Мы стали видаться — у меня, потом и у нее. Она переехала в Петербург с матерью, Поликсеной Владимировной, и с преданной им обеим, хлопотливой и толстой, «вечной» Марьей Михайловной. Переезд совпал и с пребыванием в Петербурге Вл. Соловьева. Поликсена мельком сказала, что у брата «секретарствует»; мне естественно подумалось, что это и есть причина переезда — но ненадолго: стоило чуть ближе узнать Поликсену, чтобы понять: к брату, этому «обыкновенному необыкновенному человеку» она относится очень независимо, делаться его «секретарем» не в ее характере, и Москву она для этого не покинула.

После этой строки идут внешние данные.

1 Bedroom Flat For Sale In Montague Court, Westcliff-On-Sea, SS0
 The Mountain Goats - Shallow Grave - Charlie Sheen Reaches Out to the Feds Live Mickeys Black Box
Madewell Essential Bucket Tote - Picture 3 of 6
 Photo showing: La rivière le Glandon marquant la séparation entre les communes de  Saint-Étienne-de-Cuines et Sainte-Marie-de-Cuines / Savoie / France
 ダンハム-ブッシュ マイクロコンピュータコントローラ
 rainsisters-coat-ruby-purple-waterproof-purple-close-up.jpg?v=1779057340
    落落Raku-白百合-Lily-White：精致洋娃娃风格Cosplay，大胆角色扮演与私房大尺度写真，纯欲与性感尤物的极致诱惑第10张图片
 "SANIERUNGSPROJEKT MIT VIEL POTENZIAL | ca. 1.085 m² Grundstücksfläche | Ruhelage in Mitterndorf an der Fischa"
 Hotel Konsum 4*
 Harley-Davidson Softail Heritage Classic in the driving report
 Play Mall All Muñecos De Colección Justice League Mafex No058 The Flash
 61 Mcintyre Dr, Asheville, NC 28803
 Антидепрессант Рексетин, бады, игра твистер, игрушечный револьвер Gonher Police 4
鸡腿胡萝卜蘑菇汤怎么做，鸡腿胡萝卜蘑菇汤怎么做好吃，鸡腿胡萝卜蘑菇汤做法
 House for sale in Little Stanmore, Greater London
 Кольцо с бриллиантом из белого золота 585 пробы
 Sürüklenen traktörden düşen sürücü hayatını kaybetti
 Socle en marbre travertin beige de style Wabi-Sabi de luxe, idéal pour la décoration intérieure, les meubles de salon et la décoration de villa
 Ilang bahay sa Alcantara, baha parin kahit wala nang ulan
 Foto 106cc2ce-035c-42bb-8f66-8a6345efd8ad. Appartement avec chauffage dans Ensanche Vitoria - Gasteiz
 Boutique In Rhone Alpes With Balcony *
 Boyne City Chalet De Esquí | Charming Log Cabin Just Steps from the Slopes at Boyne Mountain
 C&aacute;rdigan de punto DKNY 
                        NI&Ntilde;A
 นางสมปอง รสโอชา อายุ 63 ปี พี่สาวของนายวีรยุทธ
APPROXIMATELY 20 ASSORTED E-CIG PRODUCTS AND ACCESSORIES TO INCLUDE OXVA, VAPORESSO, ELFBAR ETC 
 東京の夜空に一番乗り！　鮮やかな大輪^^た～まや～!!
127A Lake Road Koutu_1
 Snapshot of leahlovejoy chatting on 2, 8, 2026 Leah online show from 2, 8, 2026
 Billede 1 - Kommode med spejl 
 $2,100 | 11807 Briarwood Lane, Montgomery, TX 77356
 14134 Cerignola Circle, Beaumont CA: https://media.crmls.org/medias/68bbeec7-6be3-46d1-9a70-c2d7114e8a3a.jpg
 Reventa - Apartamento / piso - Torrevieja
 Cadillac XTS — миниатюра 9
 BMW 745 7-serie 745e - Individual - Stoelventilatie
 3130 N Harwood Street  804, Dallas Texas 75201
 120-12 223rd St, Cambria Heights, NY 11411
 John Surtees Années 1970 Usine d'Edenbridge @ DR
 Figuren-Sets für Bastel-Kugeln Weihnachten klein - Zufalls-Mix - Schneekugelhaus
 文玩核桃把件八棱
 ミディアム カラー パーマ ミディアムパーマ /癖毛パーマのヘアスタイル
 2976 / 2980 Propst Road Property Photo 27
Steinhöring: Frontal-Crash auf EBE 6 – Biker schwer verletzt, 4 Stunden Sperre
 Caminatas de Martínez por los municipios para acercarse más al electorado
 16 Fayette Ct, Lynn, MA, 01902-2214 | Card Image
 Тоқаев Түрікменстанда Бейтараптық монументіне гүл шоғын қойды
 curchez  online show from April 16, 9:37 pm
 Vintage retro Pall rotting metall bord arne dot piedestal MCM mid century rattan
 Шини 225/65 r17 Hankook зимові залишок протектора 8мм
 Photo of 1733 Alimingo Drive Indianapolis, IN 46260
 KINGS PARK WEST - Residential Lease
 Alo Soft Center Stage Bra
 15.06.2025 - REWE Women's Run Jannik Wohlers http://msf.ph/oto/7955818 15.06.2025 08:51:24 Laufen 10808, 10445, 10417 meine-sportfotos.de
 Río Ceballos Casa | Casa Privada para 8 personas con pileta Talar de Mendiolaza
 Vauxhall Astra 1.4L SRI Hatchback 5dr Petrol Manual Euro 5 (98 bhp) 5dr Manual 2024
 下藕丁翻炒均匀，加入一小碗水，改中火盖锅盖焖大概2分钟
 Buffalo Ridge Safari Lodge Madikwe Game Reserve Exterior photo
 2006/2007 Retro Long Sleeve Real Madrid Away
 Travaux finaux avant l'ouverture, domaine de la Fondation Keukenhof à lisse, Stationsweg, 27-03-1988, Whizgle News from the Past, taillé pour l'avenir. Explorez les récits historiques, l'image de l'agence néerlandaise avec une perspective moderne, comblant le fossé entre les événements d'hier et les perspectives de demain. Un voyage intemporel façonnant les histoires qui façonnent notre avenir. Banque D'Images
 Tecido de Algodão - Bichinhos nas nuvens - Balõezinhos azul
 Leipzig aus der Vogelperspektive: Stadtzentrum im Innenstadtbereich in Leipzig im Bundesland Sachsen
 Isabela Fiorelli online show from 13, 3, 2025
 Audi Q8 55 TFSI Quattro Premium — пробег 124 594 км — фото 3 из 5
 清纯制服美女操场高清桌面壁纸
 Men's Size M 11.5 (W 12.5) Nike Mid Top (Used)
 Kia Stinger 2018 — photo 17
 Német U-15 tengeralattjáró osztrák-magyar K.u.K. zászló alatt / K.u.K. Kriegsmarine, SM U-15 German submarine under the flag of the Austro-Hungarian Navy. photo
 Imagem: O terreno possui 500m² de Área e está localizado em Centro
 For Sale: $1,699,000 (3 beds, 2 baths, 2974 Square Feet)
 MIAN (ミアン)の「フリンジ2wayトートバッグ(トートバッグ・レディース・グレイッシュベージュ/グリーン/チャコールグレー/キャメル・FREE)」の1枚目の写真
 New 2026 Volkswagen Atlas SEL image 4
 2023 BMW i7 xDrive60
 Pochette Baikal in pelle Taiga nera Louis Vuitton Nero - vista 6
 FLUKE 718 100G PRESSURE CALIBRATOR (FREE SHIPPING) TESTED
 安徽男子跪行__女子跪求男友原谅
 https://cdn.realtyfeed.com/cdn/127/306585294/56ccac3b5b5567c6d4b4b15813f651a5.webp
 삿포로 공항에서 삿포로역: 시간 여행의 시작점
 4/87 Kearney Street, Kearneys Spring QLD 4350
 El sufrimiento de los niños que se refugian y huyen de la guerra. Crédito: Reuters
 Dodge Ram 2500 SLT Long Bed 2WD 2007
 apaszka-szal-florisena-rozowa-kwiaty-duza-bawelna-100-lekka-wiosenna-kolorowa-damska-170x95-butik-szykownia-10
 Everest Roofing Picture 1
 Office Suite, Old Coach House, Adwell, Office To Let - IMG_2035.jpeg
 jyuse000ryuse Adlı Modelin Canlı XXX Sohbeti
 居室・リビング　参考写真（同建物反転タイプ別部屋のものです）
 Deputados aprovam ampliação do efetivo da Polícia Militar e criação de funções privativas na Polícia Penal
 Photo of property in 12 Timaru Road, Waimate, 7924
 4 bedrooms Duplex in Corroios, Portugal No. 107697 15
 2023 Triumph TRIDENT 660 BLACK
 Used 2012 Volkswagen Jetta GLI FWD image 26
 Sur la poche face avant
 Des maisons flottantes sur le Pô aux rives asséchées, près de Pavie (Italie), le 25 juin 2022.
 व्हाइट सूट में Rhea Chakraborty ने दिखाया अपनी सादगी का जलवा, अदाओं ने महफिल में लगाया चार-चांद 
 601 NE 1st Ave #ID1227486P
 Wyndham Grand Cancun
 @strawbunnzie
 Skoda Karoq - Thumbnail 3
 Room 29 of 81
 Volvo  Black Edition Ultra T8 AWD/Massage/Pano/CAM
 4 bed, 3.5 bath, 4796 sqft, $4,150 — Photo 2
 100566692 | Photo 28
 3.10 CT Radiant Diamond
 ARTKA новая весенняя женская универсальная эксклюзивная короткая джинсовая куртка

При общей нашей несклонности к разговорам в малейшей степени интимным эта причина долго оставалась мне неизвестной, — пока мы не встретились у Поликсены с миловидной дамой, блондинкой, женой доктора М. П. Манасеина. Ее мужа перевели в Санкт-Петербургский Павловский госпиталь. Между этой «Наташей» и Поликсеной оказалась крепкая дружба, с оттенком обожания со стороны Поликсены, чего она, впрочем, не высказывала. Как-то мать, Поликсена Владимировна, обычно-жалобным голосом, пояснила о переезде: «Сена захотела… Уж куда иголка, туда и нитка…».
Не знаю, где жил Владимир, но семья поселилась на первый раз в маленьком деревянном домике, в очень глухом тогда переулке Петербургской Стороны. Туда вечером было даже страшновато ехать на сонном извозчике, ковылявшем по «арбузной», как мы говорили, мостовой. Но была в этой глуши и своя провинциальная прелесть: сады за серыми заборами, узкие дощатые тротуары… Там, тоже в маленьком домике, начал, кстати, и Розанов свое петербургское житье.
Приезжая в домик на Петербургской Стороне — попадаю в царство женщин (пока еще не широкое). Мать Соловьевых — худенькая старушка, с добрым страдальческим лицом, румяная хлопотунья Марья Михайловна, сама Поликсена и, почти всегда вечером, блондинка «Наташа». Эта дама меня не интересует, хотя она не неприятна и, кажется, не глупа; я считаю ее неизбежным придатком Поликсены и весело с неизбежностью мирюсь, тем более что придаток характерен, а Поликсена очень чутка: ей хочется, чтобы Наташа нравилась всем. У Натальи Ивановны маленькая дочь и требовательный муж (позже, бывая в их доме, не трудно мне было найти его и пренеприятным).